I’ve been part of the games industry for years. Commentating on esports, competing in tournaments, covering games, working at game booths, attending conferences, and yes writing lots of articles, as well as playing my fair share of games.
When I heard ACMI was putting together an exhibition on the history of gaming, I just had to find out more. My background in technology also pips my fascination with game development, and understanding how code and hardware work. Let me tell you, ACMI’s Game Worlds exhibition did not disappoint.
Walking into the ACMI’s Game Worlds exhibition—alongside my player two of course—felt like stepping back in time. There was a spark of curiosity, a rush of nostalgia, and the anticipation of discovering and learning more about the history of this incredible industry.

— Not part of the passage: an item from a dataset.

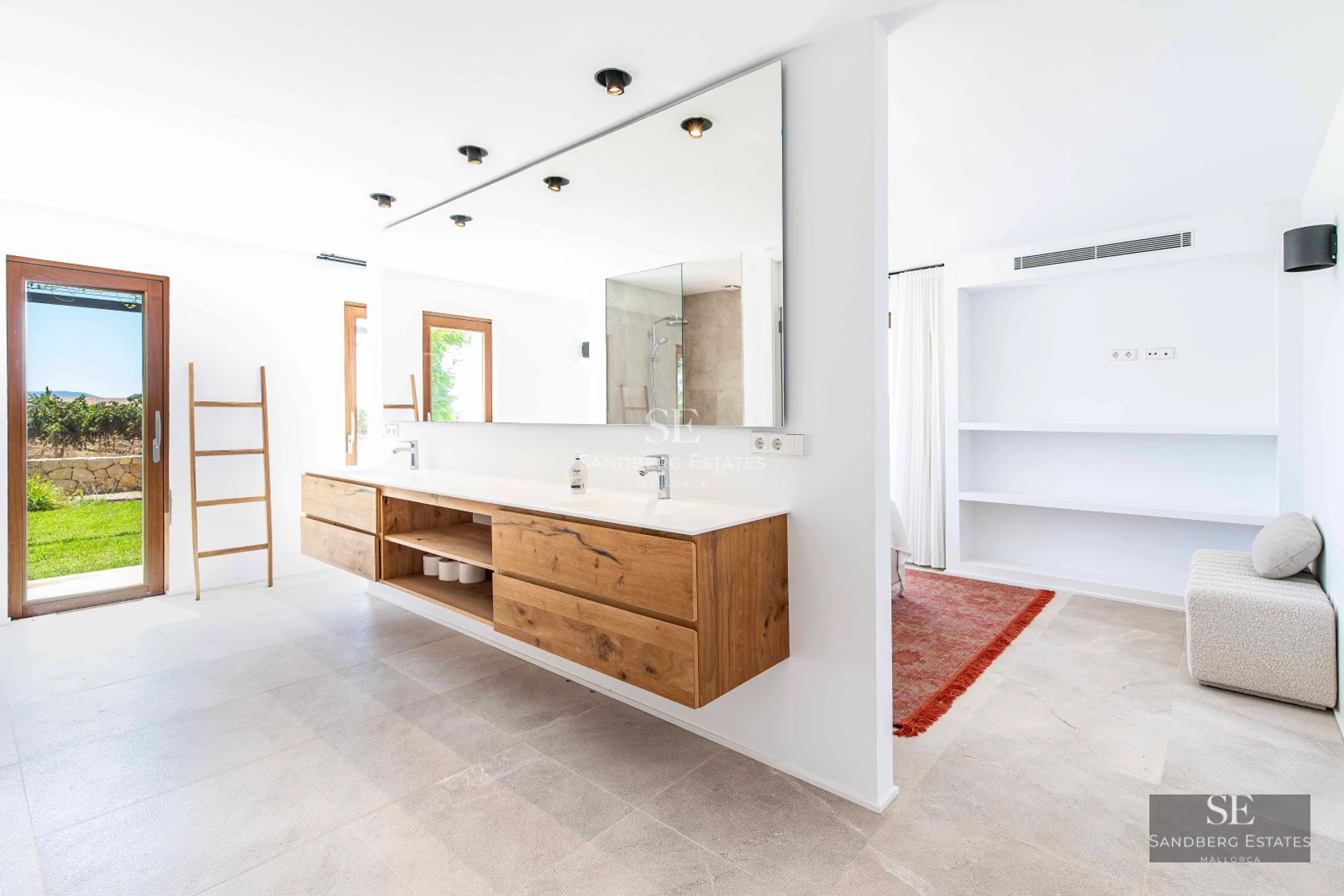 Infinity pool overlooking the sea, terrace with modern furniture and lush garden. Minimalist and elegant architecture.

The exhibition is more than a showcase of video games. It’s designed as an interactive time capsule of how games have evolved. From their humble, pixelated-text-based, beginnings to vast, connected universes that shape how we play, learn, and connect today.

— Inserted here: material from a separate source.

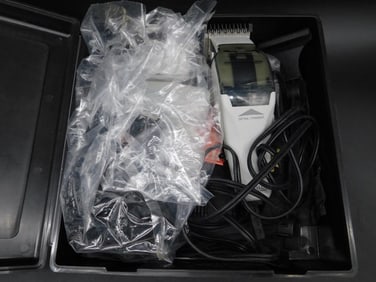 Wahl Electric Detail Hair Trimmer in Case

From text to pixels: The early days of imagination
The exhibition—and your journey—begins in the 1970s, when games were less about graphics and more about imagination. Titles like Colossal Cave Adventure, Zork, and Maze War remind us that gaming started as an exercise in storytelling and exploration.

Armed with little more than a blinking cursor, players ventured into mysterious caverns or navigated virtual mazes across primitive networks. These worlds became the foundations of what would later become multiplayer gaming. The exhibition even features a huge touch screen Dungeons & Dragons (D&D) mini-game, showing you how old games and new technology can combine to create something amazing.

There’s a kind of poetry in these beginnings. Without high-end visuals or surround sound, it was words and wits that drew players in. Standing in front of these early games, you feel the constraints of what developers were working with, and receive a taste of what early gaming was like. There were no REDDIT forums, no walkthrough guides. Players needed to remember every move they typed into the console. This served as a reminder that creativity often flourishes within constraints. For anyone who’s ever tinkered with code, built a project during a hackathon, or launched a small indie game, that same sense of discovery feels deeply familiar.
Building worlds: The age of simulation and sandbox play
As the exhibition moves through the 1980s and 1990s, the focus shifts from exploration to creation. Let me tell you this is where the nostalgia hit really hard. It’s the era of SimCity, The Sims, and Minecraft. These games that invited us not just to play in worlds, but to build them. Memories of LAN parties, hacking together cables, filling up basketball stadiums with tables and computers for a weekend of gaming came flooding back.

It’s this era where we start to see the power of agency in gaming. Instead of following linear paths, players became architects, storytellers, and experimenters. Whether you were constructing a dream city, unleashing pixelated chaos on unsuspecting Sims, or trying to remember which cheat codes summoned what in Age of Empires, the underlying theme was freedom. The Game Worlds Exhibition captures this beautifully. There’s this idea that games can be both playgrounds and creative studios, where the player becomes the maker.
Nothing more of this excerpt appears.